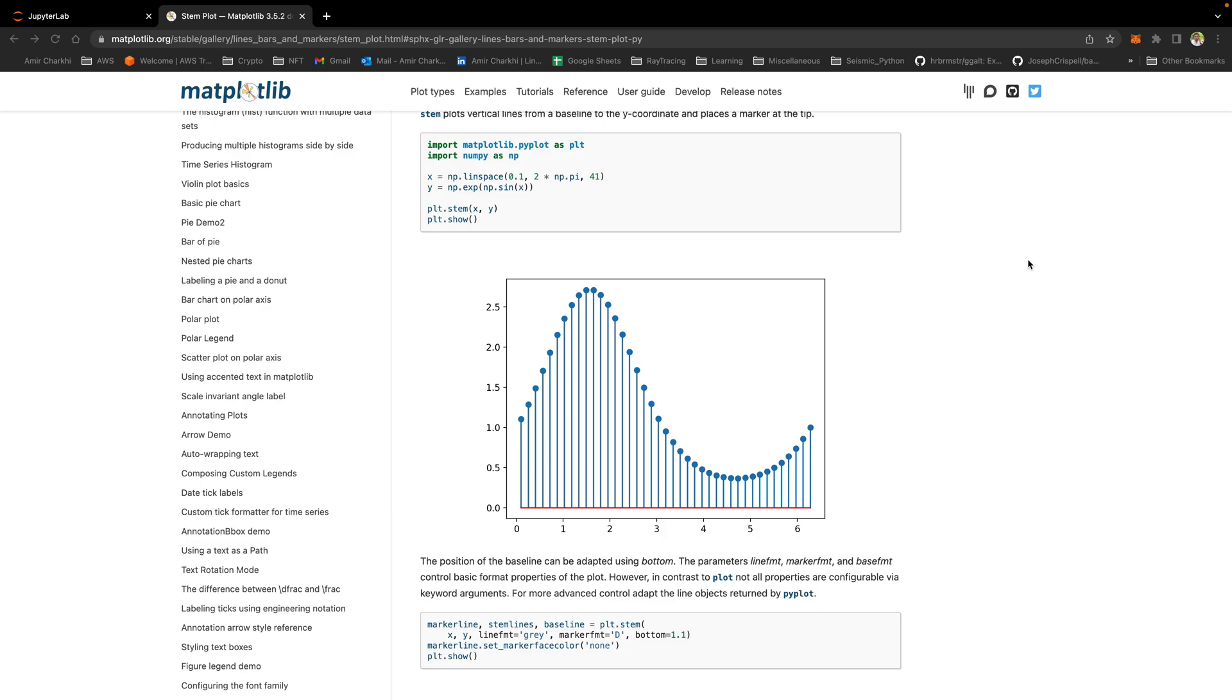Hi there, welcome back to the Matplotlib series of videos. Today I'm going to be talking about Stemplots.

==

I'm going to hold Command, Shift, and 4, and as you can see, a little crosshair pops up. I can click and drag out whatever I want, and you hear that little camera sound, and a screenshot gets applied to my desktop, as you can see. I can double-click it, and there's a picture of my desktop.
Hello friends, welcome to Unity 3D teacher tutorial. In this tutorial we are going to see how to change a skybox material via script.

**HOW TO COMPLETE THIS TASK:** Which lines above run from the one containing "I'm going to hold" down to the one containing "Hello friends, welcome"? Repeat exactly those, both ends included, and nothing else.

**SOLUTION FOR THIS EXERCISE:**
I'm going to hold Command, Shift, and 4, and as you can see, a little crosshair pops up. I can click and drag out whatever I want, and you hear that little camera sound, and a screenshot gets applied to my desktop, as you can see. I can double-click it, and there's a picture of my desktop.
Hello friends, welcome to Unity 3D teacher tutorial. In this tutorial we are going to see how to change a skybox material via script.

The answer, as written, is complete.